Ad ogni buon conto. Si attraversa lo spiazzo davanti alla misera malga. A destra, avendo a sinistra un tetto collassato. Pochi metri più avanti a sinistra c'è una fontana. A destra, un barlume di traccia che in breve conduce al sentiero segnato.

Poco dopo sono nuovamente su sentiero evidente e bollato che si inoltra in un bosco. Belli i larici che iniziano ad ingiallire. All'uscita dalla vegetazione arborea si passa tra due colossali massi, molto caratteristici. Ora il prosieguo è ben visibile. Il sentiero, che si indovina di origine militare, taglia un erto pendio a pendenza costante. Raggiunta una cresta, bella visione su Collina e Bordaglia. A sinistra, per larga cresta erbosa, sino alla vetta (2h 20' dalla macchina). La cima è evidentemente secondaria: manca qualsiasi indicazione.
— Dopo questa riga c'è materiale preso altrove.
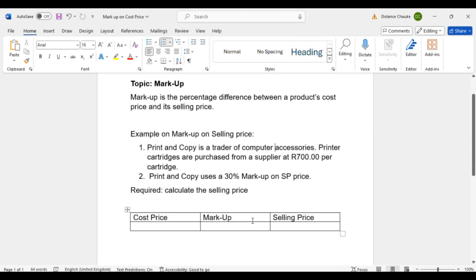Greetings and welcome to my YouTube channel. My name is Dolenz. I'll be presenting to you and helping you on how to deal with a markup on selling price. The topic up there is markup. The definition of markup is the percentage difference between a product's cost price and its selling price.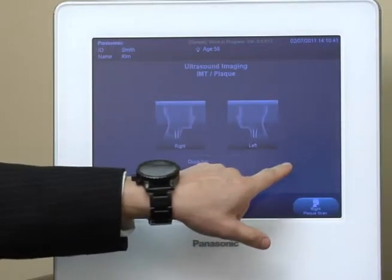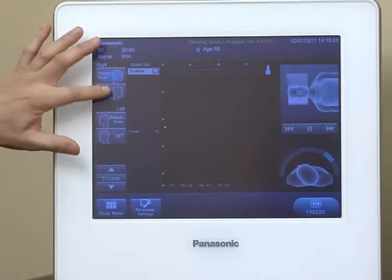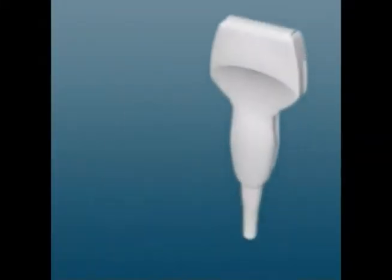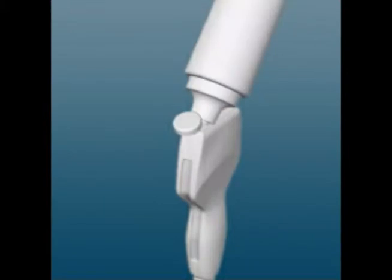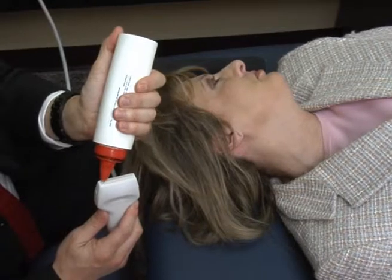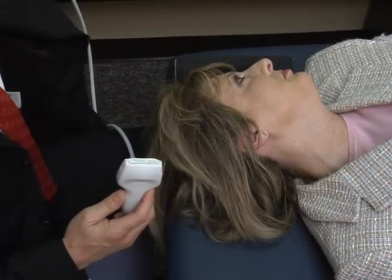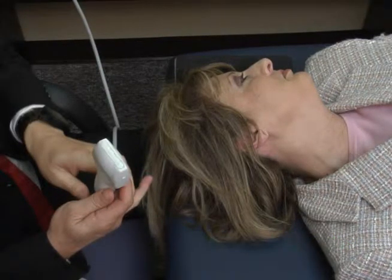Begin the study on the right side first. The probe orientation marker should face the patient's back, or facing the bed.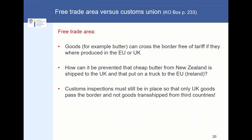In a free trade area, it is very important to distinguish whether a good was produced within the EU or the UK. How can it be prevented that cheap butter from New Zealand is shipped via the UK and then put on a truck to Ireland in the EU? Custom inspections have to be in place so that only UK goods pass the border and not goods which are trans-shipped via the UK from third countries.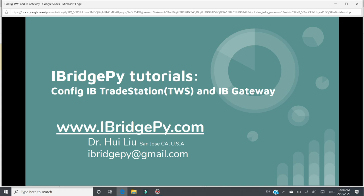Hello everyone, this is Dr. Hui Liu from San Jose, California, United States. My email is iBridgePie at gmail.com.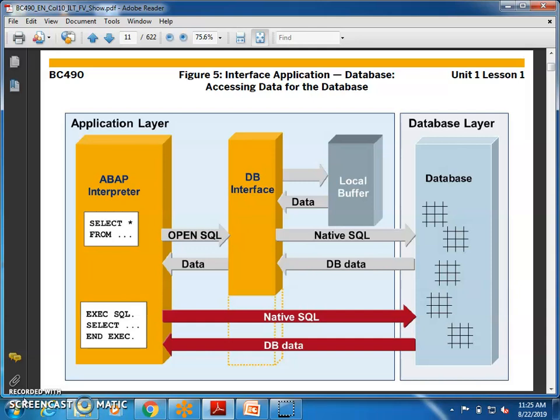Open SQL will first go and check the local buffers. Open SQL statements check whether the data is already in local buffers. You get data into local buffers through internal tables — you write a SELECT statement, it gets all the data from the database into the internal table. That data is saved in the local buffer, and the local buffer data is interacted with the ABAP interpreter through the database interface.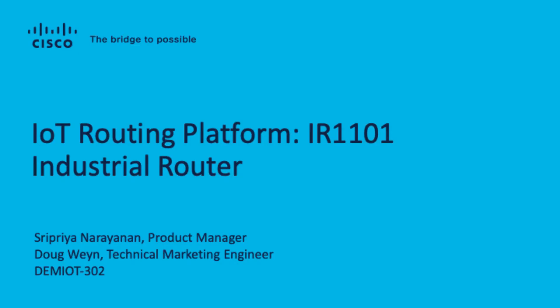Hi, I'm Sripriya Narayanan, senior product manager in Cisco's IoT business unit, managing industrial IoT gateway portfolio.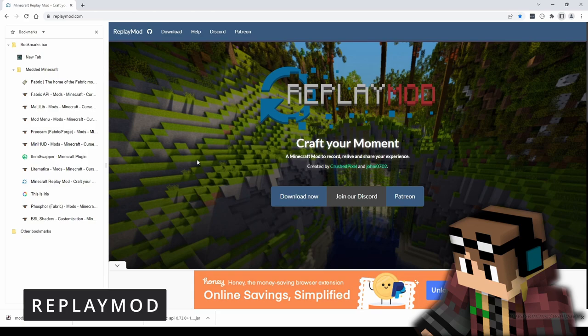The Replay Mod is much more complex and would need a much longer video to explain — similar to Litematica — but it's certainly one I use in creating my own videos. If you're interested in making your own videos, this is definitely one worth downloading.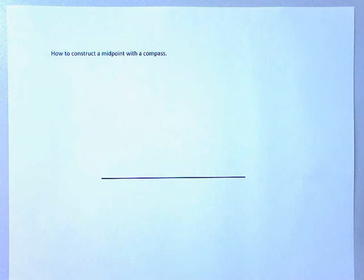All right, here we go. Mr. Longo here, and I'm about to show you how to construct a midpoint with a compass.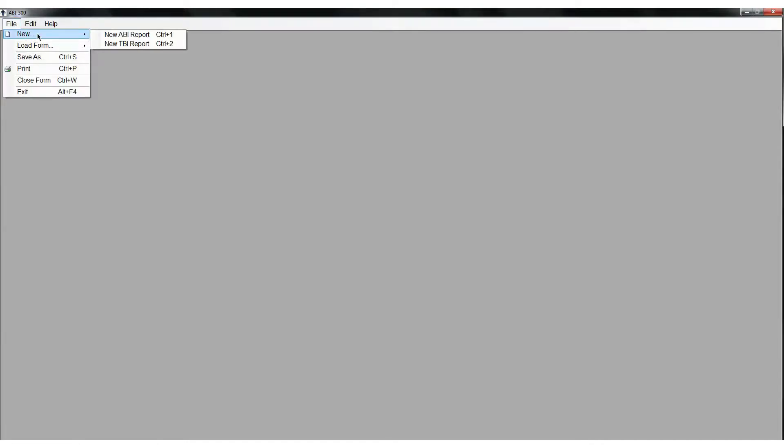On the computer desktop screen, select the simple ABI icon. When the screen opens, click the File tab, then New, and select ABI Report.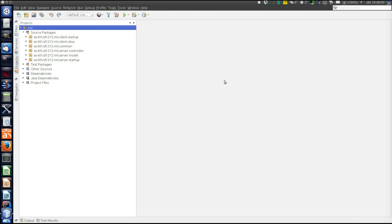This video will explain Java RMI, and that will be done with the help of a program, which is the usual chat program, this time using RMI.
Il bel tempo non c'è. Temperatura sotto zero resa più pungente da un po' di vento. Ho i guanti (e meno male!), ma non il berretto di lana. Molte nuvole che riducono al lumicino il panorama: la conca di Bordaglia, la zona di Collina ed i monti di Sappada. Visibili pure i rimasugli di neve sul brandello di Volaja che si riesce a scorgere. Pur se freddo, mi sarei preso una sosta. Ma nell'aria volteggia un qualcosa tra la goccia di pioggia ed il fiocco di neve. Visto che la cima è stata raggiunta e sono riuscito a rifocillarmi, meglio tornare indietro. Quando ho oltrepassato la malga il tempo ha un sussulto verso il bello, tanto che il Peralba si concede.

All'altezza della cava scopro la strada fatta dai due fuoristrada. Ora si tratta di capire da dove principia. Per il prossimo inverno, farla con gli sci oppure le racchette sarebbe una bella soddisfazione.

Rientrato alla macchina (4h 15' in tutto) scopro che Sigilletto custodisce un cimelio incredibile. Appeso all'esterno di una casa c'è un bilanciere in legno con gli occhielli per appendere i secchi. Una volta, ma mica tanti decenni fa, un compito affidato alle donne era quello di andare alla fontana a prendere l'acqua con due secchi. Il bilanciere, poggiato sulle spalle, serviva a distribuire il carico, ma non il peso.